Perder las llaves - Alfa y Omega

Me gusta mucho un cuento sufí en el que el Nasrudín, su protagonista, se encuentra dando vueltas alrededor de una farola. Está buscando algo en el suelo, concentrado. Al verlo, un vecino le pregunta qué ha perdido, a lo que Nasrudín responde que no encuentra una llave. El vecino se pone a buscar con él, para ayudarle. Y enseguida se suma a la búsqueda un tercero, otro vecino, sin resultado. Porque tras un buen rato dando vueltas y más vueltas alrededor de la farola, ninguno de los tres encuentra la dichosa llave de Nasrudín. «¿Recuerdas dónde la perdiste?», le pregunta uno de los vecinos, cansado. «La he perdido dentro de casa», responde Nasrudín. Perplejos, los dos ayudantes le preguntan entonces que por qué no busca dentro de la casa. A lo que Nasrudín responde con pasmosa tranquilidad que porque en su casa hay menos luz que fuera, al lado de la farola.
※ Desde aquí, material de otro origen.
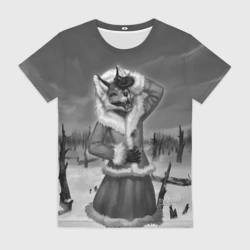 Женская футболка 3D Tiny Bunny Alisa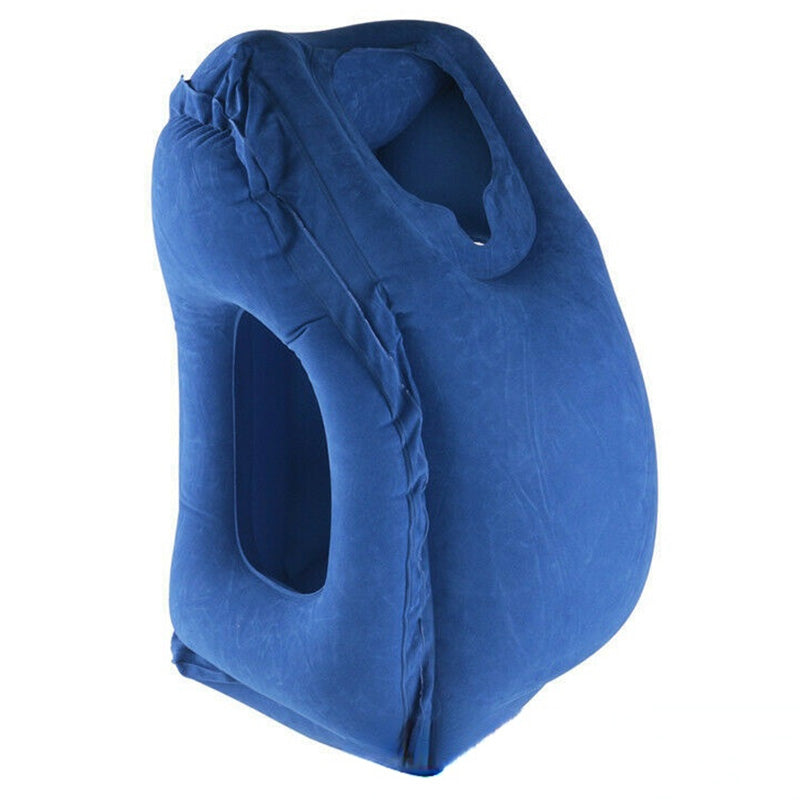 Inflatable Travel Sleeping Bag Portable Cushion Neck Pillow for Men Women Outdoor Airplane Flight Train Sleeping Easy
Sostiene el trapense Thomas Keating que este cuento viene a decir lo mismo que el relato del Génesis: como Nasrudín, Adán y Eva están desorientados. Si antes del bocado disfrutaban en la presencia de su Hacedor, después lo perciben como una amenaza. Adán y Eva han perdido el paraíso. Es decir, la llave de Nasrudín. La armonía se ha hecho añicos, igual que una vajilla tras el terremoto. Su corazón se ha dividido y ahora están despistados, y, desde entonces, buscan el paraíso en lugares donde el paraíso no estará nunca: en un coche más rápido, en una casa más grande o en otra pareja con menos diferencias. Ambos relatos, se sabe, ilustran la situación patética del ser humano. Todos vivimos igual que Adán y Eva, igual que Nasrudín: sin saber si quiera el objeto de nuestra búsqueda, pero sintiendo su aguijón, damos tumbos como borrachos. La situación humana puede resumirse con una sola palabra: confusión. Buscamos, aunque desconocemos qué, en un lugar erróneo.
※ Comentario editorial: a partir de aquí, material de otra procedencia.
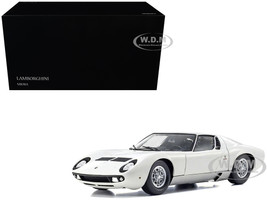 Lamborghini Miura P 400 White 1/18 Diecast Model Car Kyosho KS08314W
Esta confusión es evidente si miramos a nuestro alrededor: por todas partes encontramos personas que, aun teniéndolo todo, viven insatisfechas. Personas con una nómina, hijos y una pareja estable, que, sin embargo destrozan su normalidad. ¿Qué les impulsa a buscar en otro sitio lo que ya tienen sino esta pérdida estructural que ilustran el cuento de Nasrudín y el relato hebreo del Génesis? Su situación demuestra que estas personas, aun habiendo conseguido todo aquello que buscaron durante mucho tiempo, siguen con ganas de otra cosa. Algo nos espolea, hace que busquemos continuamente, viviendo de meta en meta, sin estar nunca saciados. Sin llegar nunca a la plenitud que pensábamos que encontraríamos con el deseo anterior. Nuestro deseo es un hombre que abre una puerta tras otra puerta, indefinidamente, sin alcanzar nunca un espacio en el que descansar. Una monstruosa sucesión de puertas que nunca se terminan, como ocurre en esa atracción de los espejos que hay en las ferias, donde se multiplica nuestro reflejo.
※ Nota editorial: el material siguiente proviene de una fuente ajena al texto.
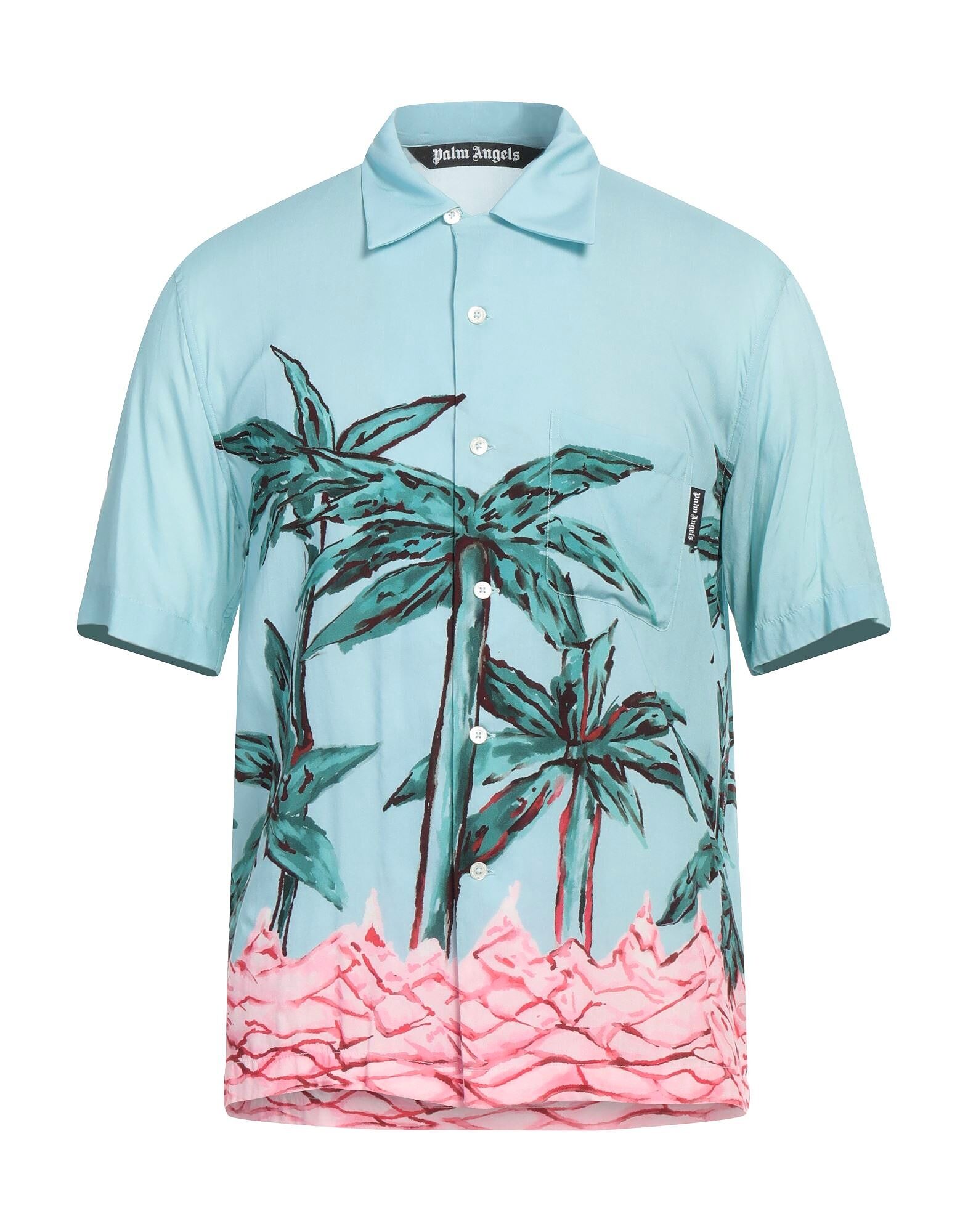 Рубашка Palm Angels, голубой
Рубашка Palm Angels, голубой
También yo vivo así: buscando en el lugar equivocado. Pero si algo me han enseñado mis casi cuatro décadas de biografía, es que la mayoría de las veces lo que busco fuera de mí está ya dentro, antes de la búsqueda. Que para llegar no hay que salir. La quietud nos regala la verdadera aventura. No hay que buscar la luz eliminando la sombra, aquello que nos molesta. La sombra es una luz todavía no iluminada, necesaria para que la luz sea distinguida, por contraste. Del mismo modo que sin la palabra no podría haber silencio, ni verdadera celebración sin una pesadumbre. El árbol lo dice desde el principio de los tiempos: el invierno es un ingrediente de la flor.

Nuestra situación patética puede ilustrarse con otra imagen: nos encontramos delante de una puerta abierta y cerramos los ojos con fuerza pidiendo que se abra, que podamos franquearla. Leyendo un poema, adorando el rostro de Teresa de Lisieux o dando un paseo con mis hijos por el río me doy cuenta de que esa puerta no está cerrada, que la llave estaba dentro de mi bolsillo, todo el tiempo, mientras buscaba como loco alrededor de una farola, igual que Nasrudín. Y aunque nunca será definitivo nuestro gozo a este lado de la muerte, sí que podemos saborear lo que será completo un día, cuando por fin despertemos y no haga falta ninguna cerradura.